Exemple à l'appui : "Un magazine de centre-gauche est à la recherche d'une photo de Jean-Luc Mélenchon lors du meeting de Nantes le 16 janvier dernier", seules trois agences de presse ayant été acceptées au meeting. "Ce magazine, radin, ne veut pas acheter aux agences, et nous sommes approchés. Nous leur offrons plusieurs photos de Jean-Luc Mélenchon. Mais ils choisissent une capture vidéo plutôt qu'une des photos. Sur la capture, Jean-Luc Mélenchon a la bouche grande ouverte, et le doigt pointé. Or, durant une heure de discours ce jour-là, des centaines de photos le montrent dans d'autres attitudes. Le problème n'est pas Mélenchon et son visage expressif, le problème c'est la manipulation de l'image, son utilisation pour provoquer des réactions hostiles." Si elle n'a pas voulu nommer ce magazine, une seule photo semble correspondre à la description : celle publiée par l'Obs, qui n'est pas une capture d'écran mais une photo… de l'AFP.

L'archétype est-il faux ?

À Libération, Lionel Charrier fut photojournaliste avant de devenir le responsable de l'iconographie du journal. "Je me souviens qu'en tant que photographe, à la tribune, c'était extrêmement difficile d'avoir des images qui ne soient pas un peu caricaturales ou exagérées, se rappelle Charrier auprès d'ASI. Dans l'image arrêtée, Jean-Luc Mélenchon a des expressions qui pourraient être interprétées comme ça, c'est un tribun. Avec la voix, la parole, ça marche très bien, mais en image arrêtée, c'est très difficile." 

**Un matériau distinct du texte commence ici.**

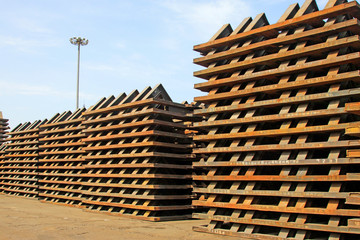 Piles of steel components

Mélenchon en images chez "ASI"

Nous sommes régulièrement amenés à devoir saisir des images fixes de Jean-Luc Mélenchon : en meeting tout particulièrement, capturer une image "neutre" de lui n'est pas  aisé, m'a expliqué notre documentaliste. Ce que j'ai pu mesurer lors d'un récent article portant entre autres sur la rediffusion de ses meetings la nuit par certaines chaînes info : la capture écran d'un Mélenchon non "caricatural" a nécessité quelques minutes de plus que pour les images de Jean Castex, particulièrement statique.

Et puis, pointent une partie des photographes joints par ASI, est-il dénué de sens de photographier Mélenchon en "tribun" ? "Quand on photographie une personnalité politique, on essaie de mettre en exergue sa personnalité, son caractère, ou une situation, analyse ainsi le photojournaliste Corentin Fohlen. Mais en même temps, c'est ce qui reflète aussi la personnalité du candidat. L'imagerie correspond à ce qu'on peut voir et entendre lors d'un discours, d'une interview, d'un entretien : c'est une personnalité qui ne mâche pas ses mots, fait du rentre-dedans... c'est aussi ce qu'il dégage et qu'il cherche à montrer quand il est à la tribune. S'il avait envie de montrer un visage plus serein, il accentuerait plutôt ce genre d'expression." Cela peut cependant "parfois tendre vers la caricature quand les rédactions n'utilisent qu'une seule imagerie", ajoute-t-il, tout en confirmant partiellement le propos de Sophia Chikirou : "Si les journaux ne publient qu'une sorte d'expression, on va être tenté, en termes purement économiques, de se dire que ce type d'images fonctionnent mieux, et donc d'envoyer ce type d'images même si on est aussi photographes et journalistes, donc on veut aussi proposer notre propre vision."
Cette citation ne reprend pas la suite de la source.